Abujamra (publicado originalmente em 5/5/2015)
Sobre Antônio Abujamra, morto terça passada aos 82 anos, escrevi duas vezes neste espaço: foi em 2004 e 2005. Na primeira o assunto era ‘Provocações’, o programa que o consagrou. Na segunda, era a peça ‘A Voz do Provocador’, apresentada em São Paulo, que tive o privilégio de assistir. Ao término da apresentação, Abu, como era chamado por quase todos, saiu do palco, foi para a sala do teatro. Ali ficou sentado no sofá a espera dos fãs. Não cheguei perto. Olhei-o de longe. Eu temia ser espinafrado.

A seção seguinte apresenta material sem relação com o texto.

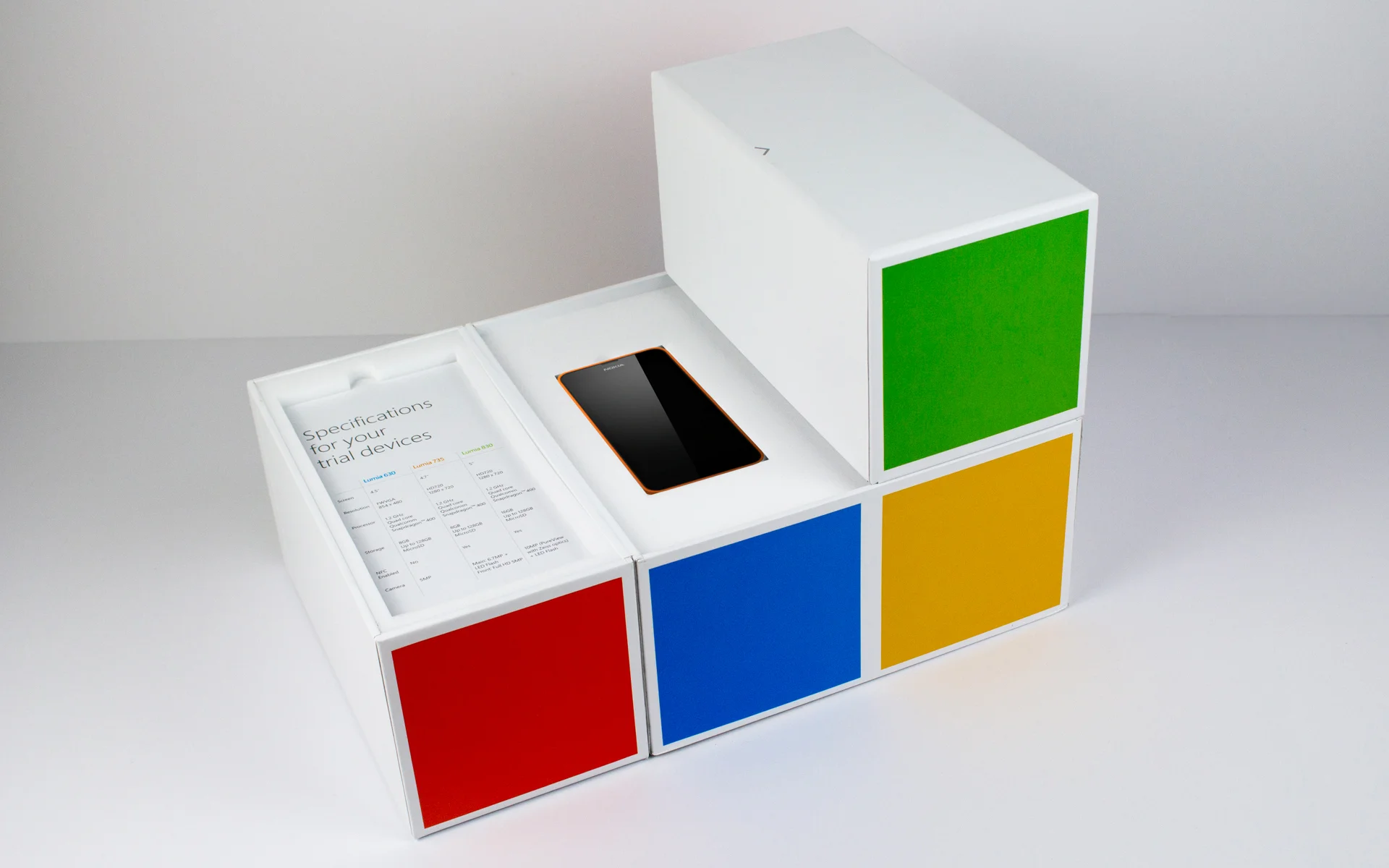 Lumia_biz_visuals_7.jpg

A história dele está encravada a das muitas artes. Passa fundamentalmente pelo teatro, chega à TV e inclui o cinema e a literatura, sobretudo a poesia. Ninguém declamava como Abujamra. Ninguém. O ‘Provocações’, comandado por ele desde 6 de agosto de 2000, é a prova disto. Quem não se emociona ao escutá-lo em ‘O Guardador de Rebanhos’, por exemplo? Santo YouTube. Eterniza de certa forma a infinidade de momentos do ator, diretor, apresentador, produtor e iluminador... Abu era multimídia.

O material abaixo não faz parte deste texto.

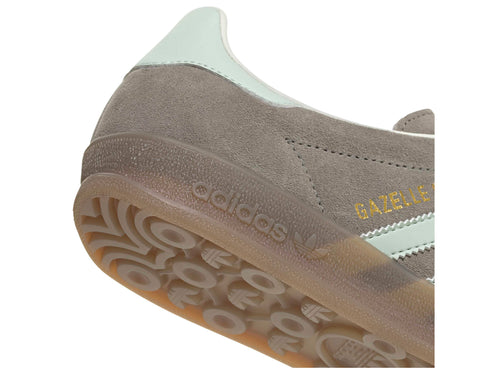 Adidas Gazelle Indoor CZ/AZBE - JR2430-166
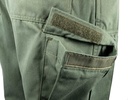 CHENEY FIRE - MEN'S PROPPER WILDLAND FIRE PANT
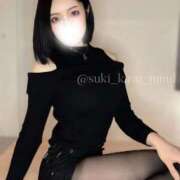 ヒメ日記 2026/03/19 21:06 投稿 かのん(16000) 原価デリヘルcospa（コスパ）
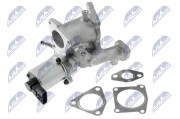 EGR-PL-016 NTY agr - ventil EGR-PL-016 NTY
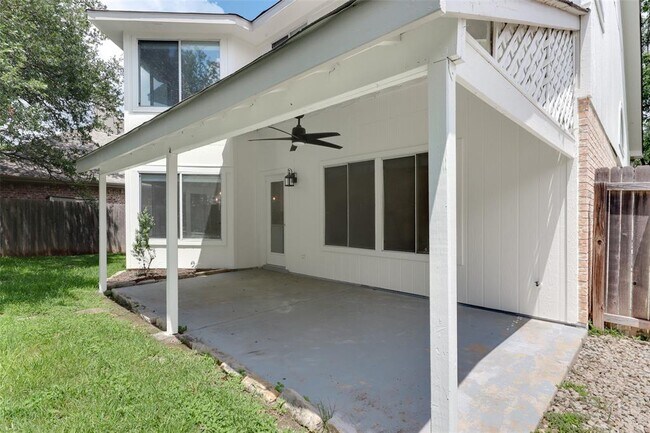 Building Photo - 16816 Dorman Dr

Sabia de cor frases de filósofos, escritores, poetas, e as declamava como os poemas. ‘Tenho uma frase pra você’, costuma dizer, de vez em quando, a um convidado do ‘Provocações’. O arquivo de histórias também era recheado. “Uma vez encontrei o Silvio Santos nos corredores da Tupi e falei: ‘Silvio, para com essas bobagens que você faz! Isso nada acrescenta aos outros, só programa ruim.’. Hoje, ele está milionário e eu na sarjeta.” Claro, era exagero. A imolação, aliás, o caracterizava. Amava os fracassos.

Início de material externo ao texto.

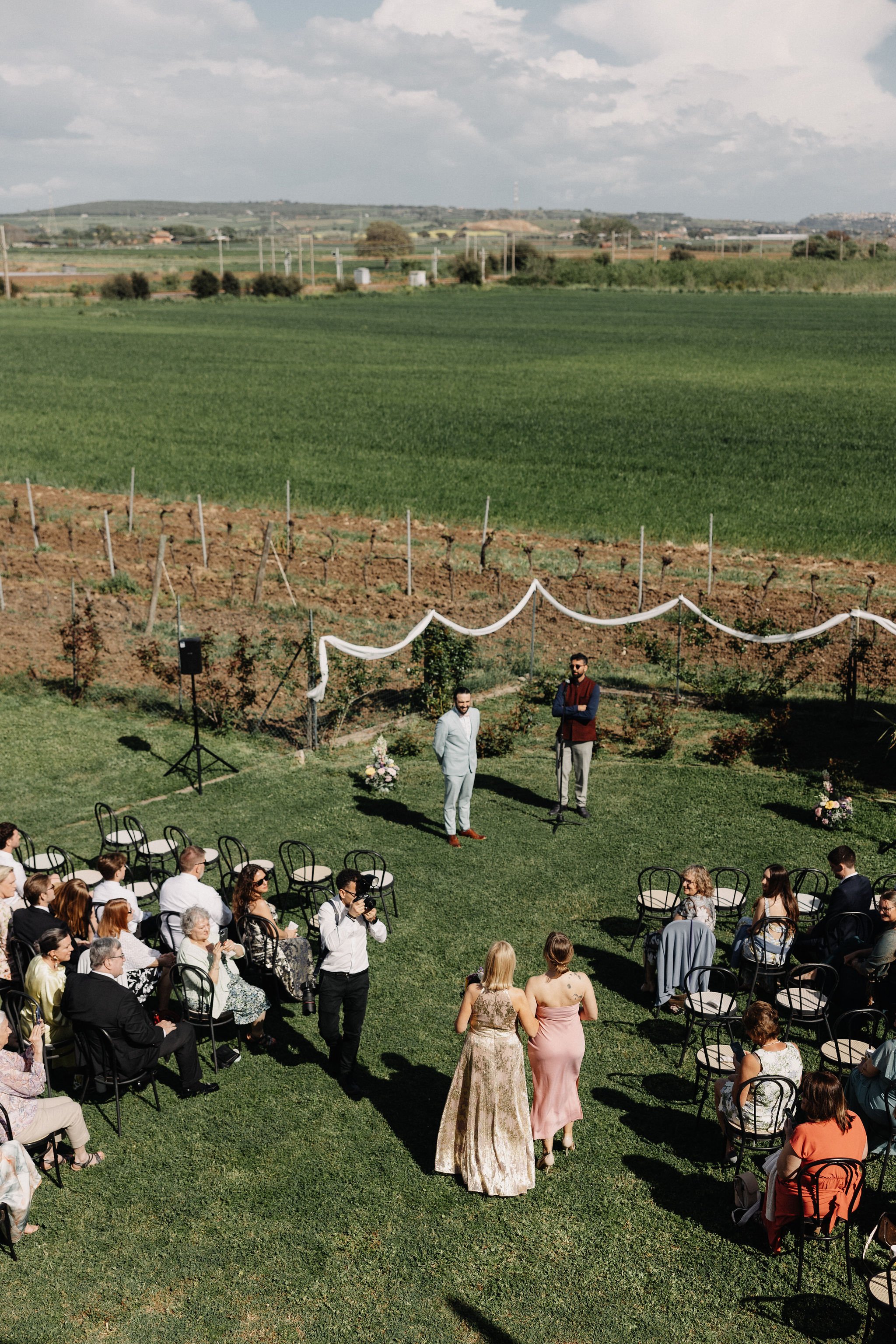 0280-mia-luca-wedding-tarquinia-viterbo-16-04-2026.jpg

Em 1989 conheceu a fama nacional na novela ‘Que Rei Sou Eu?’ ao dar vida ao bruxo Ravengar. Mas no mesmo ano faria, ao meu ver, o papel definitivo, e sem nome, no filme ‘A Festa’ de Ugo Giorgetti. Conquistou muitos prêmios tanto com um como com o outro. Neurastênico confesso, impelia os seus entrevistados na atração da TV Cultura. Quando Jô Soares o levou ao ‘Programa do Jô’, Abu deu um autêntico baile em cena. ‘Nós artistas – e incluímos você – somos especiais’, cutucou o provocador.
No teatro, reinou ao lado de grandes como José Celso Martinez Correa, Augusto Boal, Antunes Filho. Transformou o mau humor numa falsa carta na manga. Em 14 de fevereiro de 2013 morreu a esposa Cibelia, aos 77 anos. Talvez Abu tenha começado a desistir de tudo a partir de então.